Un cuerno de alarma resonó, su sonido grave congelando a todos. Las lámparas fosforescentes parpadearon, y gritos de pánico llenaron la caverna. Un guardia irrumpió en la armería, su rostro cubierto de sudor. —¡Umbríos en la entrada! —gritó—. ¡Han roto la puerta principal! ¡La mina está bajo ataque!

Nara, con el arpón en la mano, reaccionó al instante. —¡A las armas, todos! —ordenó, su voz cortando el caos—. ¡Proteged la caverna central!

Cale, con el corazón acelerado, levantó su rifle, mirando a Nara. —¿La esfera? —preguntó, sabiendo que era su objetivo.

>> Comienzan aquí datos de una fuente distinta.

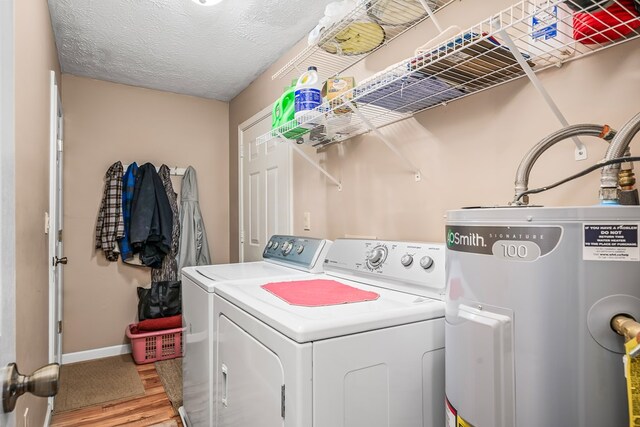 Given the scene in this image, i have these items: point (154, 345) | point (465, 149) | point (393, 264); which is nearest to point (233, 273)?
point (393, 264)

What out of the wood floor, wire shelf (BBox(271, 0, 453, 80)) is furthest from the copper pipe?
the wood floor

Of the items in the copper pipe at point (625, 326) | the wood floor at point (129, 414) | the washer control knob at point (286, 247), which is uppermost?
the washer control knob at point (286, 247)

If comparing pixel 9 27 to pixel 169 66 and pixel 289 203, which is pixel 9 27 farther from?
pixel 169 66

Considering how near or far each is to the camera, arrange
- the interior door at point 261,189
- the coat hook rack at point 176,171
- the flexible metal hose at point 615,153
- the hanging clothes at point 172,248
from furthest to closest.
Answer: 1. the coat hook rack at point 176,171
2. the hanging clothes at point 172,248
3. the interior door at point 261,189
4. the flexible metal hose at point 615,153

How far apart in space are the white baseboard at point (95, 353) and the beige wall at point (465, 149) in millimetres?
2225

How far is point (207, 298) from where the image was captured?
1450 millimetres

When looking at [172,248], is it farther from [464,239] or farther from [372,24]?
[464,239]

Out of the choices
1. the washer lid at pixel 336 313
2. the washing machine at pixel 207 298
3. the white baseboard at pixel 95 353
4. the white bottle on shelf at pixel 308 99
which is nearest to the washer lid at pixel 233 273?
the washing machine at pixel 207 298

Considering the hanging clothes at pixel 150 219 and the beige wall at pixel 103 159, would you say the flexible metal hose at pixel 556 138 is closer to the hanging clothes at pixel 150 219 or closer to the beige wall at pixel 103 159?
the hanging clothes at pixel 150 219

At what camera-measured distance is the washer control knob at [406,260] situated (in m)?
1.25

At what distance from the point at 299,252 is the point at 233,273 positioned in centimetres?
33

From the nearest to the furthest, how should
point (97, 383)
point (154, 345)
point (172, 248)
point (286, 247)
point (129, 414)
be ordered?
1. point (286, 247)
2. point (129, 414)
3. point (97, 383)
4. point (154, 345)
5. point (172, 248)

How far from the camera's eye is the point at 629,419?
1.89 feet

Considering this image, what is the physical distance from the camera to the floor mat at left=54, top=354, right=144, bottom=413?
7.75ft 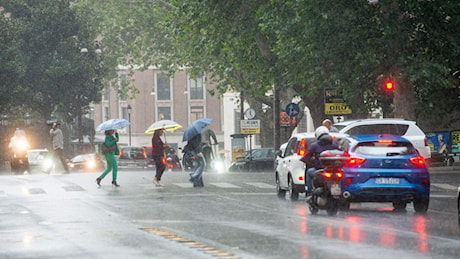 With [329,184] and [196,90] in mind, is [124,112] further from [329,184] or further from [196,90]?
[329,184]

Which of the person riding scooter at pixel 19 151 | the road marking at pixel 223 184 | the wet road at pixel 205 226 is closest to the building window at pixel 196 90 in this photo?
the person riding scooter at pixel 19 151

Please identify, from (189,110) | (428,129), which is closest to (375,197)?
(428,129)

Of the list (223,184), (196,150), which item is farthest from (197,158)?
(223,184)

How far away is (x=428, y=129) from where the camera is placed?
5141 centimetres

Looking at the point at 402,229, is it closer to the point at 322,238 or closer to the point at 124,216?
the point at 322,238

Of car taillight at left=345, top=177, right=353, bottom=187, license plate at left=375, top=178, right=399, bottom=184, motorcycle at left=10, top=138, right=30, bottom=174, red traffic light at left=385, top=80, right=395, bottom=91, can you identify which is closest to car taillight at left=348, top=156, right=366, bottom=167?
car taillight at left=345, top=177, right=353, bottom=187

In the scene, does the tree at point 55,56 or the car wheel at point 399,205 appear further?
the tree at point 55,56

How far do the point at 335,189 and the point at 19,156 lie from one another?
2852 cm

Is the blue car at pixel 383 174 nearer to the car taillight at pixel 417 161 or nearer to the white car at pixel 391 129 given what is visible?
the car taillight at pixel 417 161

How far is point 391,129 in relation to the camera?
34.4m

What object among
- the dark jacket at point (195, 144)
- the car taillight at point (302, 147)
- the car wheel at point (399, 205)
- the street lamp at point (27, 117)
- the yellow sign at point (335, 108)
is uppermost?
the street lamp at point (27, 117)

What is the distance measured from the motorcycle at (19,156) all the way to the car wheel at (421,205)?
27271 millimetres

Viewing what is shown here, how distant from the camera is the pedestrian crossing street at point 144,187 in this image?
1217 inches

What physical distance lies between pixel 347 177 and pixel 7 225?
6.25 metres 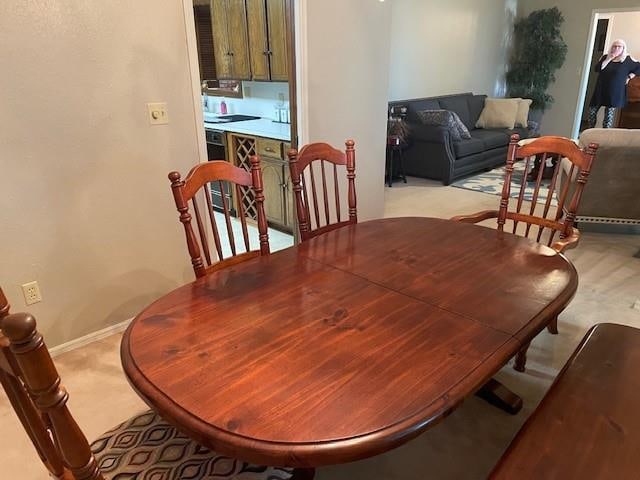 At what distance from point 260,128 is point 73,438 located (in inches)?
142

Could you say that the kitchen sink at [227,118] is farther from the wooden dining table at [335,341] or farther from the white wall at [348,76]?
the wooden dining table at [335,341]

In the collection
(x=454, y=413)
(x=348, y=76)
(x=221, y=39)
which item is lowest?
(x=454, y=413)

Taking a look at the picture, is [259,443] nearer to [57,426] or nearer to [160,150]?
[57,426]

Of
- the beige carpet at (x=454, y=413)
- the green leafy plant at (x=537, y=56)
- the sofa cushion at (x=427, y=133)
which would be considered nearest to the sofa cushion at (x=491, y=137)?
the sofa cushion at (x=427, y=133)

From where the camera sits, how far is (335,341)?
1188 millimetres

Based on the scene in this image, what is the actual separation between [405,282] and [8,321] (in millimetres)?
1149

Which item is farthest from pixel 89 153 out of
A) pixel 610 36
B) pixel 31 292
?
pixel 610 36

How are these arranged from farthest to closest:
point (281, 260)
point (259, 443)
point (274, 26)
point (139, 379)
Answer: point (274, 26)
point (281, 260)
point (139, 379)
point (259, 443)

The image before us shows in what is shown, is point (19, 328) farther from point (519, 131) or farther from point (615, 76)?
point (615, 76)

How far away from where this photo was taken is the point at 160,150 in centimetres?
248

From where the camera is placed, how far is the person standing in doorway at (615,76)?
7285 mm

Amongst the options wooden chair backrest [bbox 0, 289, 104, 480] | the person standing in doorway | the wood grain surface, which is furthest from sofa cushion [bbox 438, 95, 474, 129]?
wooden chair backrest [bbox 0, 289, 104, 480]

—No hay tiempo —respondió ella, su rostro endurecido—. Si no detenemos a los Umbríos, no habrá esfera que salvar. ¡Vamos!

El grupo corrió hacia la caverna principal, uniéndose a los ocultos que formaban líneas defensivas. Pero el ataque era feroz. Los Umbríos terrestres, más grandes y astutos que los del océano, irrumpieron por el túnel principal, sus garras destrozando el metal y la roca. Sus ojos ardientes iluminaban la oscuridad, y sus siseos llenaban el aire. Los guardias disparaban arpones y rifles fosforescentes, pero las criaturas eran implacables, derribando a los defensores con una velocidad brutal.

La caverna se convirtió en un campo de batalla. Los ocultos luchaban con desesperación, pero los Umbríos eran demasiados. Vren, liderando desde la plataforma, disparó un rifle fosforescente, abatiendo a un Umbrío, pero otro la embistió, sus garras atravesándola. Torv, el anciano, intentó huir, pero fue aplastado bajo una criatura. Mira, Sael, y Lirna cayeron defendiendo la cámara de la junta, sus cuerpos destrozados. Familias enteras, artesanos, niños —la mayoría de los ocultos fueron masacrados, la sangre manchando la piedra.